*** Opening Input material ***
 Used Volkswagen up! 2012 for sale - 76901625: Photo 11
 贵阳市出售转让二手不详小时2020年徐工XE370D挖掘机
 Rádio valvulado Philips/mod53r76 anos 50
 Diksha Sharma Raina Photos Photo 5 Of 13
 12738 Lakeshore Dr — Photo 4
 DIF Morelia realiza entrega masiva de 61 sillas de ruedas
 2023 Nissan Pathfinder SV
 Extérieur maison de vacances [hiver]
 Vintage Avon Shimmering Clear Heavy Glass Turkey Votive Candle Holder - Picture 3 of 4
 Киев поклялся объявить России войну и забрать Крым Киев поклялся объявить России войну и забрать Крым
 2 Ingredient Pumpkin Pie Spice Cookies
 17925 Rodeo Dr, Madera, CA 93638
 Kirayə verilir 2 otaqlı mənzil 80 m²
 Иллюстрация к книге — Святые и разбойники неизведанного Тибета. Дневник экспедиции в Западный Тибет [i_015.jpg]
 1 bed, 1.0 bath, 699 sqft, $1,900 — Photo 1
*** Closing Input material ***
Prompt => Can you restate every record above word for word?

Solution to this exercise =>
 Used Volkswagen up! 2012 for sale - 76901625: Photo 11
 贵阳市出售转让二手不详小时2020年徐工XE370D挖掘机
 Rádio valvulado Philips/mod53r76 anos 50
 Diksha Sharma Raina Photos Photo 5 Of 13
 12738 Lakeshore Dr — Photo 4
 DIF Morelia realiza entrega masiva de 61 sillas de ruedas
 2023 Nissan Pathfinder SV
 Extérieur maison de vacances [hiver]
 Vintage Avon Shimmering Clear Heavy Glass Turkey Votive Candle Holder - Picture 3 of 4
 Киев поклялся объявить России войну и забрать Крым Киев поклялся объявить России войну и забрать Крым
 2 Ingredient Pumpkin Pie Spice Cookies
 17925 Rodeo Dr, Madera, CA 93638
 Kirayə verilir 2 otaqlı mənzil 80 m²
 Иллюстрация к книге — Святые и разбойники неизведанного Тибета. Дневник экспедиции в Западный Тибет [i_015.jpg]
 1 bed, 1.0 bath, 699 sqft, $1,900 — Photo 1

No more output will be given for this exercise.